§ SOURCE DATA
===
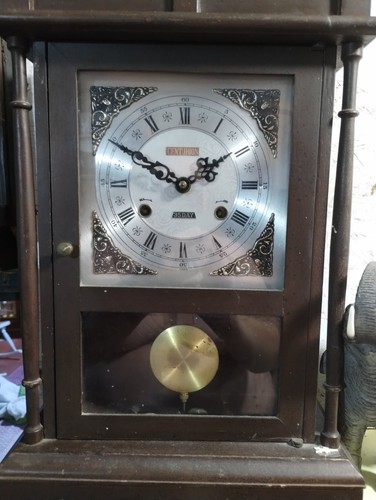 Vintage Mantle Wall Clock Champion 31 Day Hour & Half Hour Chime W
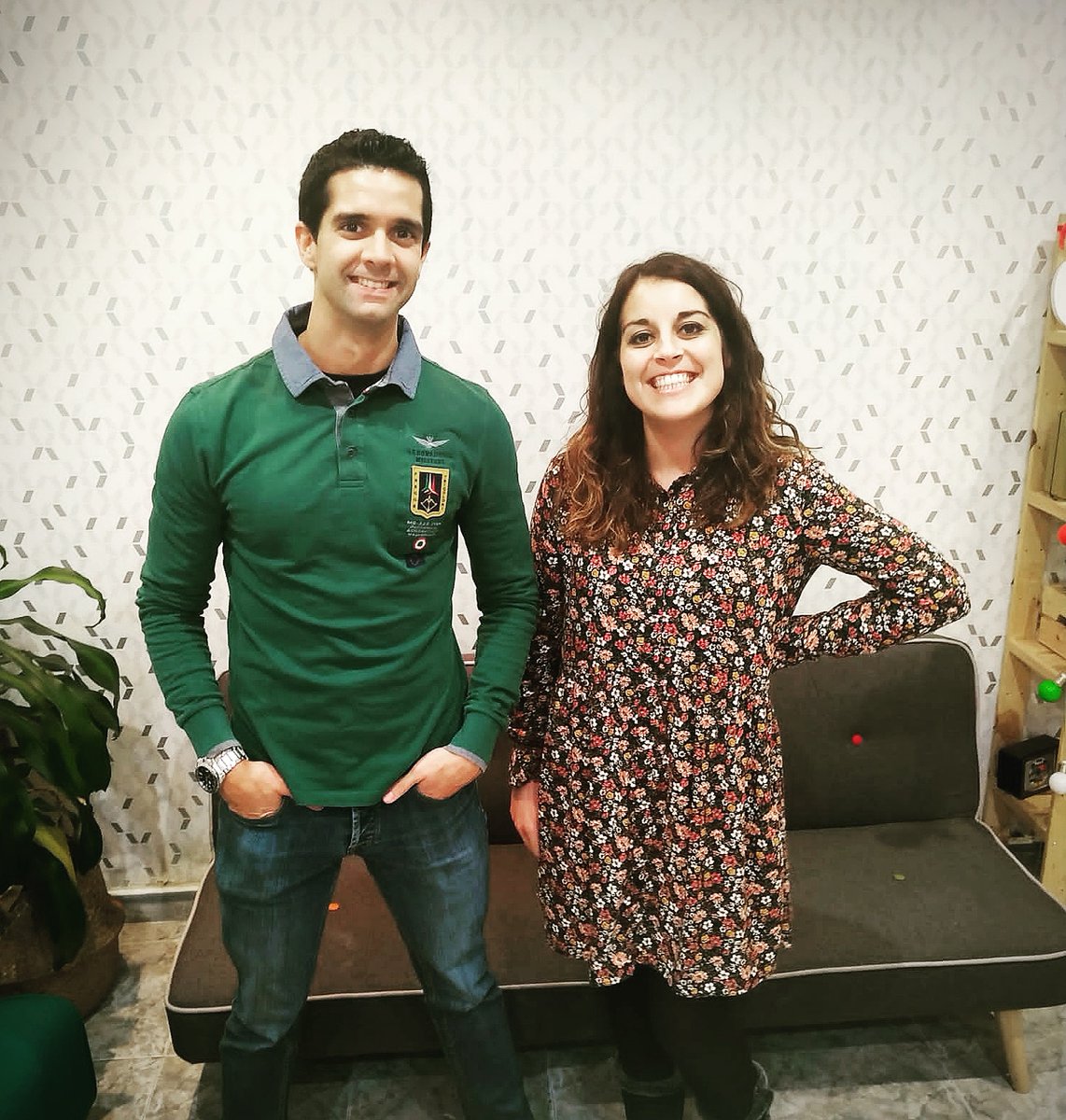 opoxacademia's tweet photo. 📸 Encuentra las semejanzas:
✔️ Alumnos Opox en 2019
✔️ 0 experiencia en la pública
✔️ Plaza en 2019
✔️ Hoy, profes en Opox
===
§ PROMPT
The lines from the one holding "en la pública" to the final line of the entries, both included, are what should be output, exactly and alone.

§ OUTPUT
✔️ 0 experiencia en la pública
✔️ Plaza en 2019
✔️ Hoy, profes en Opox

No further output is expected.